Creating some dislocation and emphasizing uncertainty, Bechtel’s stories play with form, often employing tailored subtitles: tarot cards in “Blackbird Shuffle,” postsecondary chronology in “The Concept of a Photon,” parts of a letter in “Junk Mail.” Perhaps designed to offset the experimental content, the visible structural markers can be intrusive. This is largely the case in “The Smut Story” with its contradictory versions, extensive “scholarly” footnotes, and three-part presentation.

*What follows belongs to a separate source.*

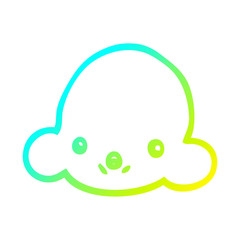 cold gradient line drawing cartoon cloud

Although conclusions can be unsatisfying, Bechtel’s talent as a writer is clear; these are stories with an original voice and promising experimentation.

As is announced by its cover image of underpants and as Syms affirms in a recent interview, Nothing Looks Familiar focusses on sexuality and identity. The eleven stories (eight previously published) have an impressive range of urban characters and sociodemographics—from meat packing line workers to meth-addicted mothers, and from bullied elementary kids to lonely widows. Driven explicitly by fantasy and sex(uality), the stories assume an oddly homogenizing tendency; gritty in language and content, they can be didactic—“Charla didn’t really see gays or bisexuals as especially different from straight men. She figured that they all had the capacity to be goofy or decent”—yet flippant—“I don’t care about AIDS anymore, you know? I just don’t care. I could get hit by a truck tomorrow anyway.” To an extent, the volume’s diversity is compromised by its overwhelmingly Freudian premise.

Nonetheless, Syms’ skill is evident in deftly-drawn descriptions and ambiguous titles, including “On the Line,” “Family Circus,” and “The Exchange.” Although protagonists are usually powerless, a variety of friendships counter strained or superficial sexual relationships. Syms’ willingness to include figures with physical, developmental, and psychological disabilities is also notable. The insertion of tech-talk acronyms, Twitter feeds, and Craigslist ads will date some stories, but also allows for some textual experimentation and aligns with the volume’s overall contemporary urban focus.

If Arnason’s compilation exudes quiet confidence, the debut collections of Bechtel and Syms take willing risks; together, these stories will appeal to a wide array of readers and affirm a well-established genre in Canada.